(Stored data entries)
—————

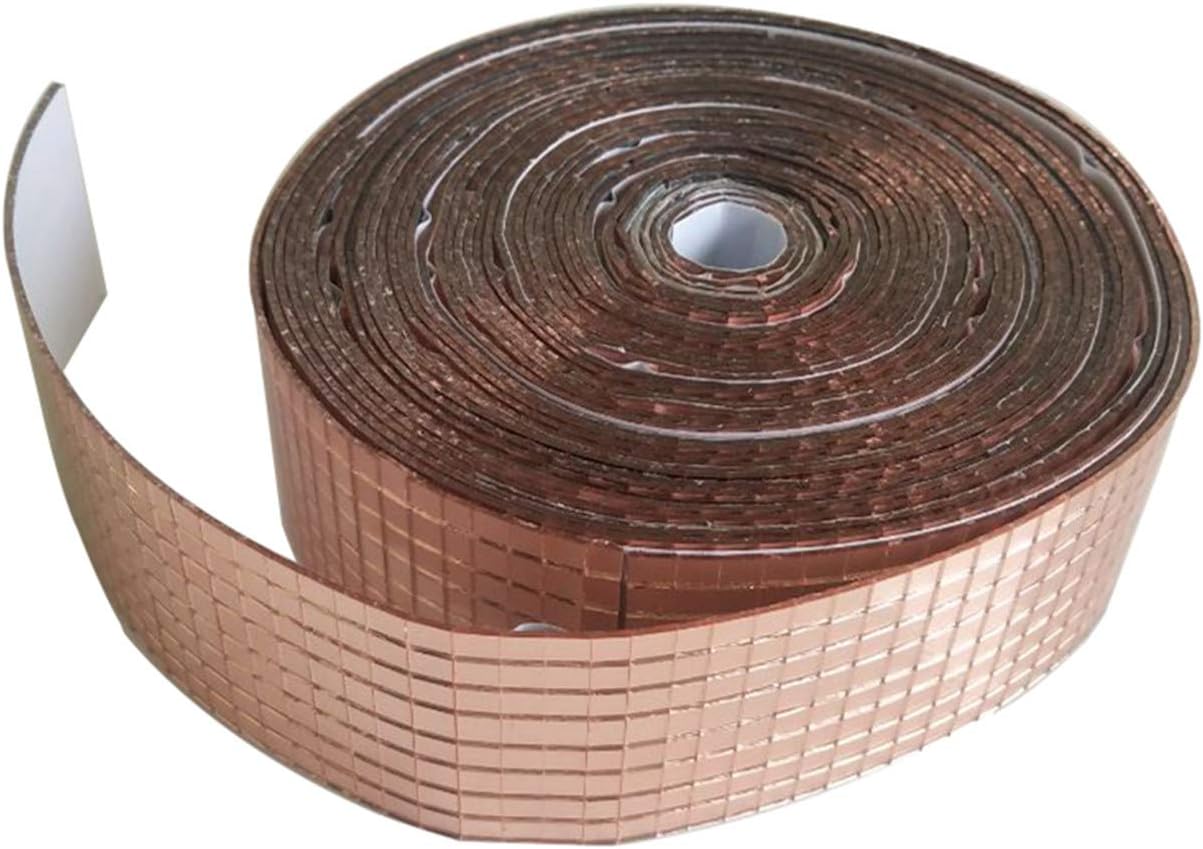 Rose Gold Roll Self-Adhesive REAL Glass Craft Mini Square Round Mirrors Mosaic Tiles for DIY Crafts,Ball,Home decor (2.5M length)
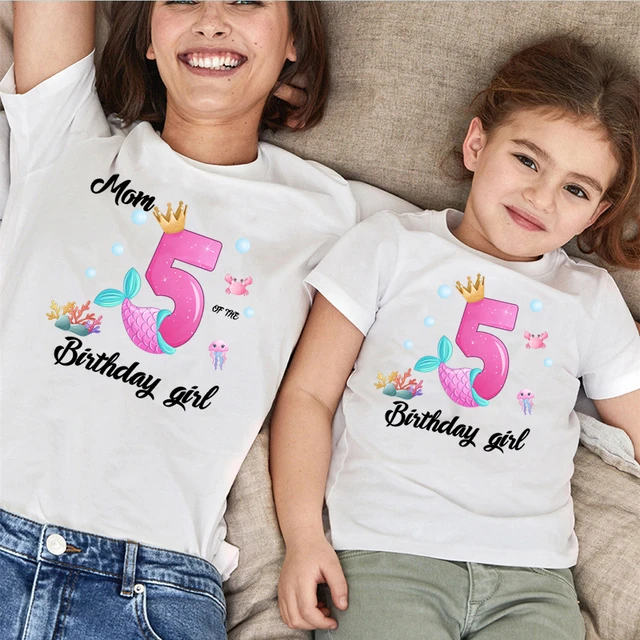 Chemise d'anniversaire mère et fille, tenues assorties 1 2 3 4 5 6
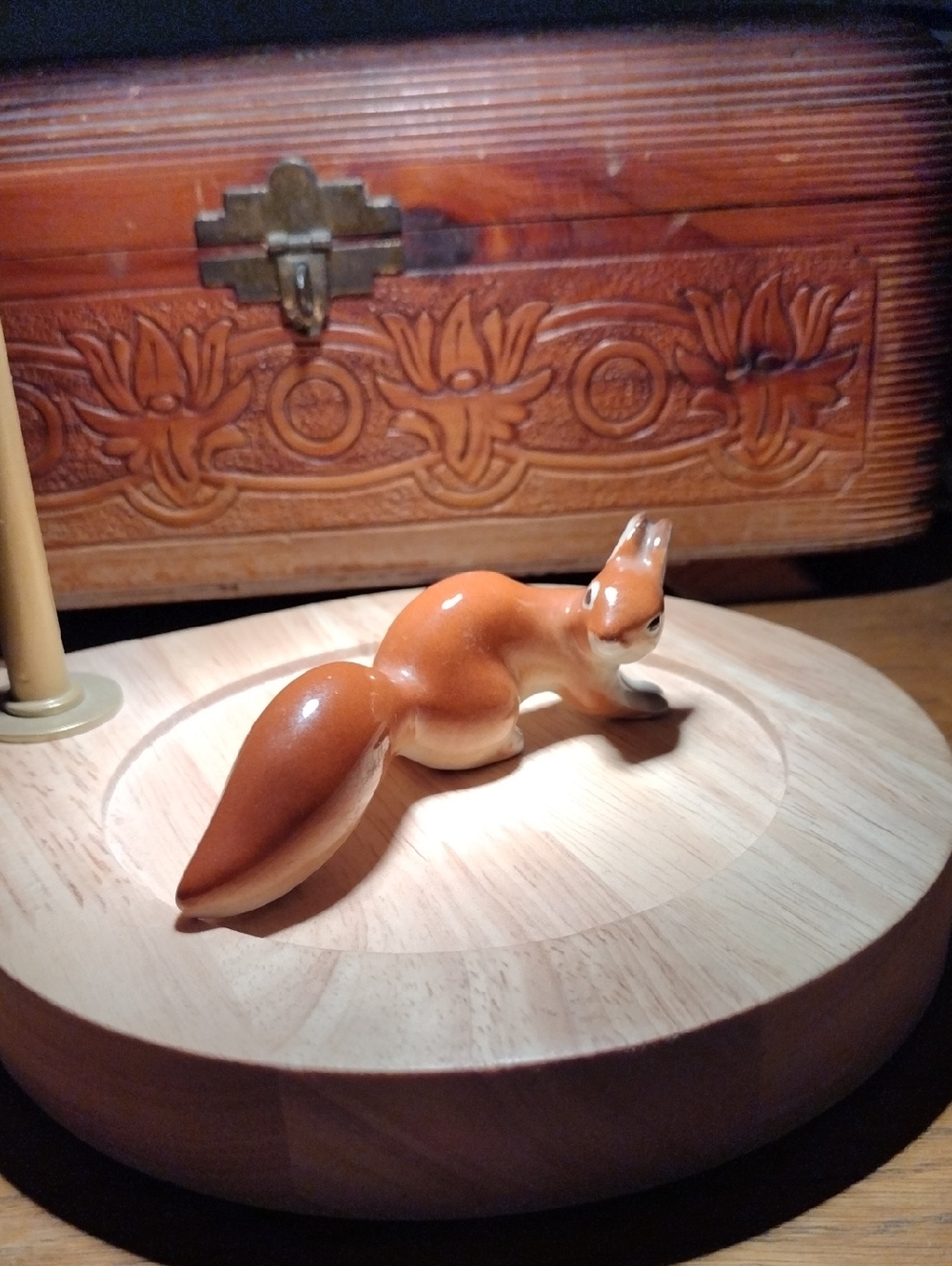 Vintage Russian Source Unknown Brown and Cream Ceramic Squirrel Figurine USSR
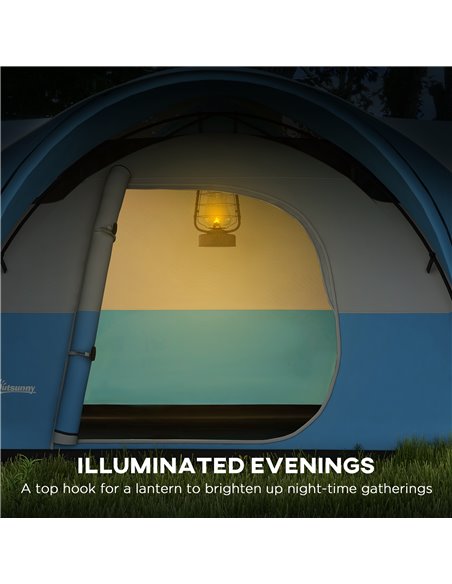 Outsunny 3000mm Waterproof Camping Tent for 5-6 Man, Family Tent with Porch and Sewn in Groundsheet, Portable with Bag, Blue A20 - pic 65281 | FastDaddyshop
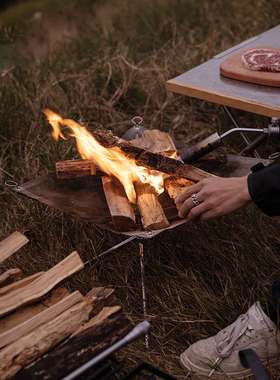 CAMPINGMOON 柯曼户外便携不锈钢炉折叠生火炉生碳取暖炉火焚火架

—————

WORK INSTRUCTIONS
Transcribe each record exactly as it stands, setting aside any pictures.

YOUR RESPONSE
 Rose Gold Roll Self-Adhesive REAL Glass Craft Mini Square Round Mirrors Mosaic Tiles for DIY Crafts,Ball,Home decor (2.5M length)
 Chemise d'anniversaire mère et fille, tenues assorties 1 2 3 4 5 6
 Vintage Russian Source Unknown Brown and Cream Ceramic Squirrel Figurine USSR
 Outsunny 3000mm Waterproof Camping Tent for 5-6 Man, Family Tent with Porch and Sewn in Groundsheet, Portable with Bag, Blue A20 - pic 65281 | FastDaddyshop
 CAMPINGMOON 柯曼户外便携不锈钢炉折叠生火炉生碳取暖炉火焚火架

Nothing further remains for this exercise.